**ASSIGNMENT**
From the line that contains "223, Little Narrows" through the last line of the data, copy everything exactly and nothing else, omitting the pictures.

== SOURCE DATA

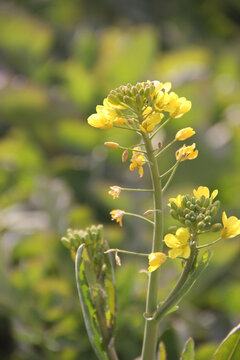 油菜花田风光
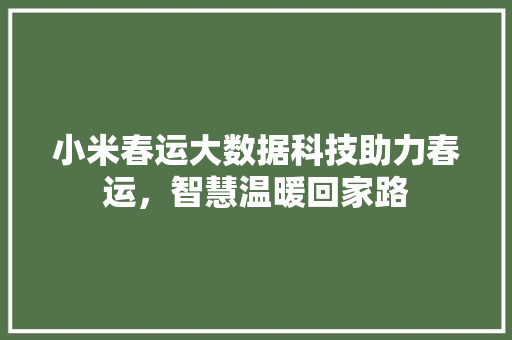 小米春运大数据科技助力春运，智慧温暖回家路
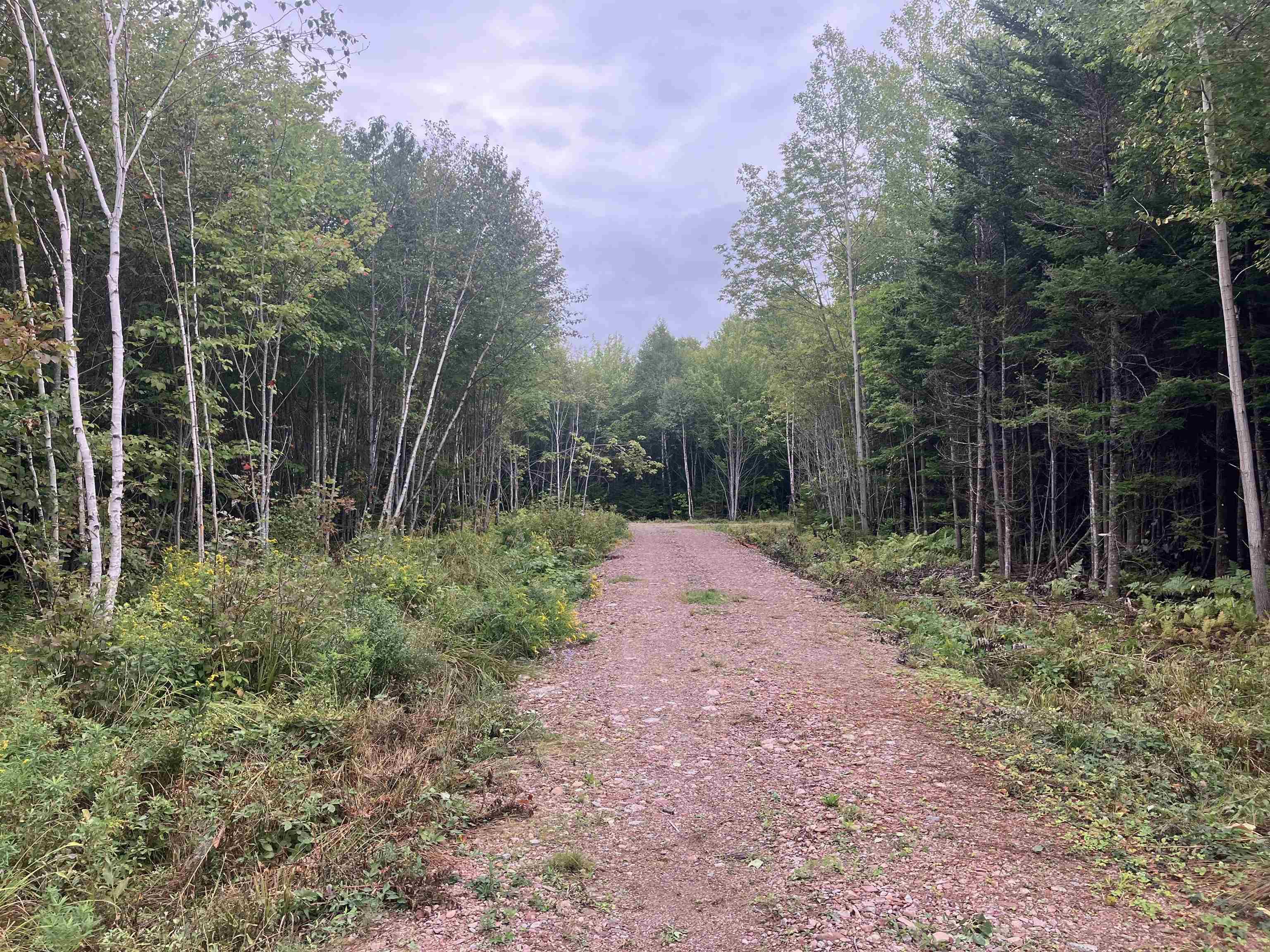 $54,000.00: Lot 2020-5 Highway 223, Little Narrows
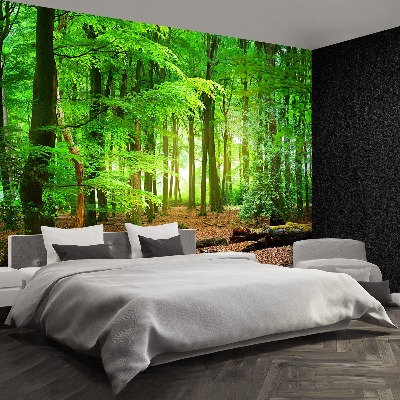 Wallpaper Spring forest
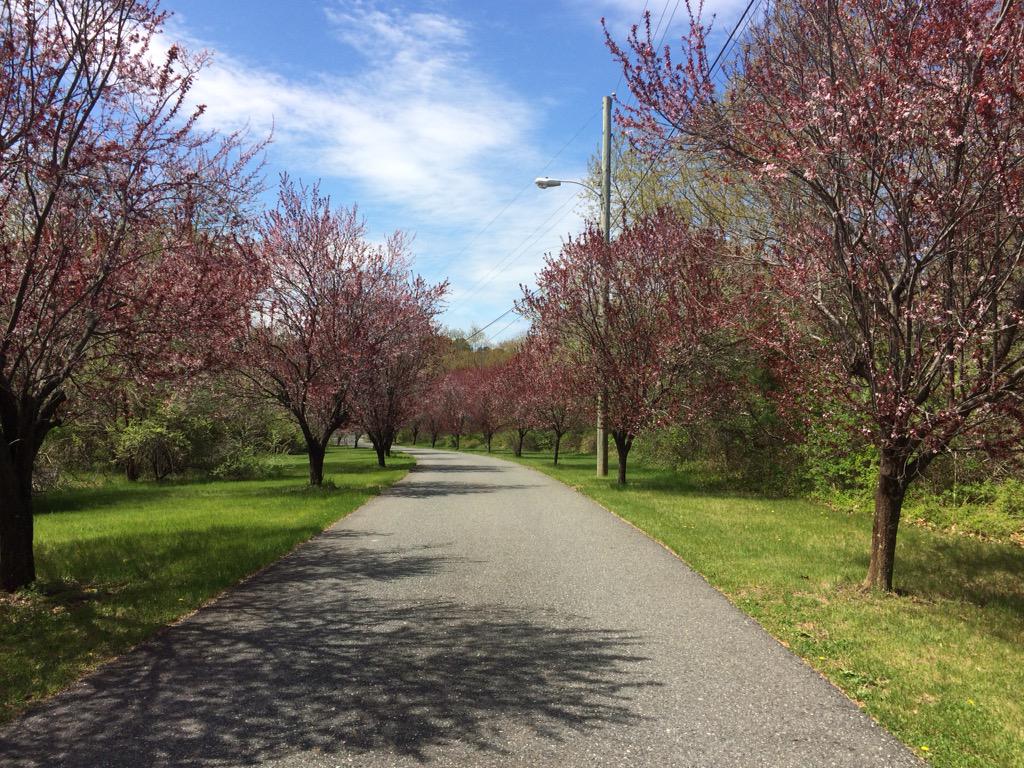 itsannayikes's tweet photo. a little delayed #Hike2Help http://t.co/oHY1UxU144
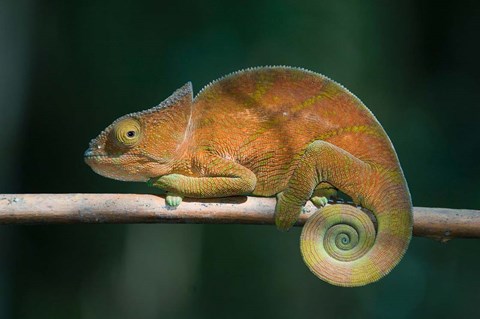 Framed Parson&#39;s Chameleon lizard, Perinet Reserve, Madagascar Print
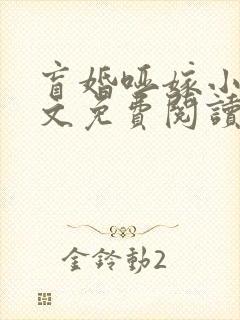 盲婚哑嫁小说全文免费阅读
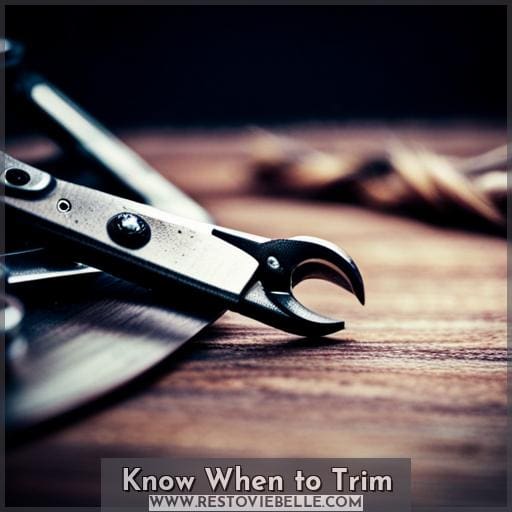 Know When to Trim Know When to Trim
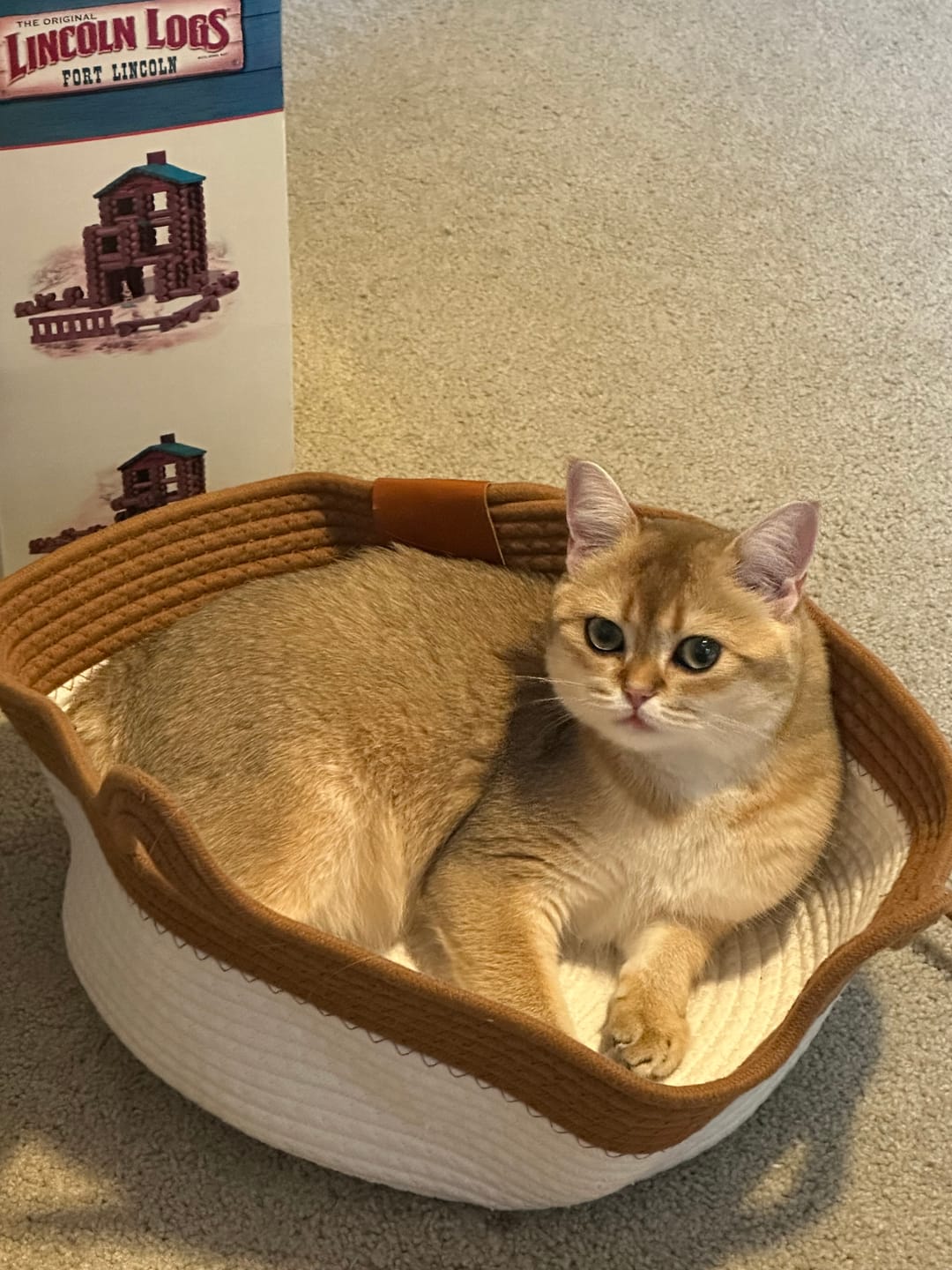 Customer photo review of Instinct Basket | Meet the first research-backed natural territory for indoor cats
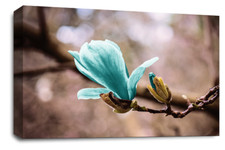 Floral Wall Art Duck Egg Living Room Bedroom Framed Canvas Picture Ready to Hang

====

**EXPECTED OUTPUT**
 $54,000.00: Lot 2020-5 Highway 223, Little Narrows
 Wallpaper Spring forest
 itsannayikes's tweet photo. a little delayed #Hike2Help http://t.co/oHY1UxU144
 Framed Parson&#39;s Chameleon lizard, Perinet Reserve, Madagascar Print
 盲婚哑嫁小说全文免费阅读
 Know When to Trim Know When to Trim
 Customer photo review of Instinct Basket | Meet the first research-backed natural territory for indoor cats
 Floral Wall Art Duck Egg Living Room Bedroom Framed Canvas Picture Ready to Hang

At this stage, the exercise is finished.